WHAT IS REQUIRED:
In this data, count the lines in which "Repair" appears and give only that number.

**** RECORDS SUPPLIED ****

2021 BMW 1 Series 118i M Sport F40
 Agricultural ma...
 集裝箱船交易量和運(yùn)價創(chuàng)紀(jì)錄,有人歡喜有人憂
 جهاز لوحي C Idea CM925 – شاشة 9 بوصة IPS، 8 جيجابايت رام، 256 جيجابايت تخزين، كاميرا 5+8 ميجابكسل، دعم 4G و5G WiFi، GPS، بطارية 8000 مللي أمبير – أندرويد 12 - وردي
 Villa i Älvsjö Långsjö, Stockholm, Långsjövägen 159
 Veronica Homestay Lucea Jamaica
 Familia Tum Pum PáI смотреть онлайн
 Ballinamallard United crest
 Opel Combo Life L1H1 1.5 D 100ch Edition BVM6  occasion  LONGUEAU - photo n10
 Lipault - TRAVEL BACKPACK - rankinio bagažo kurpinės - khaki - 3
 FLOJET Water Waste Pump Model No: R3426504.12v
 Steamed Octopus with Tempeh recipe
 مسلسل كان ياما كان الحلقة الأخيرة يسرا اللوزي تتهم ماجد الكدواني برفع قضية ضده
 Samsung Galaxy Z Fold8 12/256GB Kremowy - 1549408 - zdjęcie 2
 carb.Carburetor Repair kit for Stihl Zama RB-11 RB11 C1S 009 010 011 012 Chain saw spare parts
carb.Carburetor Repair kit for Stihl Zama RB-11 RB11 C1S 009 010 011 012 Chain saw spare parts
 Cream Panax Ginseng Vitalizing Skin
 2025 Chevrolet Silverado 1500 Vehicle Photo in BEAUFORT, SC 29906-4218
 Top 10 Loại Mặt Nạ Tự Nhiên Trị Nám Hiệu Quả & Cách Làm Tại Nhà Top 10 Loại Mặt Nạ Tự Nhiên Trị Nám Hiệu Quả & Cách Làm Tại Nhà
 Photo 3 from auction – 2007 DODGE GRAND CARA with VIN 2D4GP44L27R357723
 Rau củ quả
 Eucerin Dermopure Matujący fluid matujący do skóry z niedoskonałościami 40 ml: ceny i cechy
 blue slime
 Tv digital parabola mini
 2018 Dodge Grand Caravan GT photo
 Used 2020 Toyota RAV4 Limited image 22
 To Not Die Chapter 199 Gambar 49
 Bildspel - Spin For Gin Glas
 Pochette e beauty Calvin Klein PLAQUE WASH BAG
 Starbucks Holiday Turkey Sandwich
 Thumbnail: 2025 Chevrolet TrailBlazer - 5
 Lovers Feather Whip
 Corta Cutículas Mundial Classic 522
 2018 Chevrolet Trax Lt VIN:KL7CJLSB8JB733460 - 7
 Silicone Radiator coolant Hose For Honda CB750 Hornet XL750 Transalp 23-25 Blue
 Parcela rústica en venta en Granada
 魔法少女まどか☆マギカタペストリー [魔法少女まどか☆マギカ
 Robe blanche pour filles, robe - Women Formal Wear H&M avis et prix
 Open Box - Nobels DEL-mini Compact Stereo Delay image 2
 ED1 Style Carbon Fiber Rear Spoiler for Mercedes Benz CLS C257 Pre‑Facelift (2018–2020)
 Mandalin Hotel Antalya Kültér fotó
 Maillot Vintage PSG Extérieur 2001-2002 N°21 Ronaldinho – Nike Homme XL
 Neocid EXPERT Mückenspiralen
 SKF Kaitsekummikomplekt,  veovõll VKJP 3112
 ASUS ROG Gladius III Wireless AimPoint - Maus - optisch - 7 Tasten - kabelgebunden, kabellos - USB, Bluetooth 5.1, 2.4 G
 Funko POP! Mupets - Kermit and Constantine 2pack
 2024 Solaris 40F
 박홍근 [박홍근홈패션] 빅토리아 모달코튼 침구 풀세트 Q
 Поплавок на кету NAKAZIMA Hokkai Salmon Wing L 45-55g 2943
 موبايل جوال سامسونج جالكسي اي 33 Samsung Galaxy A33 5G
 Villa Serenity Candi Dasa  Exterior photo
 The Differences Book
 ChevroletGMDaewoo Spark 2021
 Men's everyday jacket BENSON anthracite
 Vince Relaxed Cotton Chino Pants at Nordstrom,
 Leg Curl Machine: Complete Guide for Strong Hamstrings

****

ANSWER FOR THIS EXERCISE:
2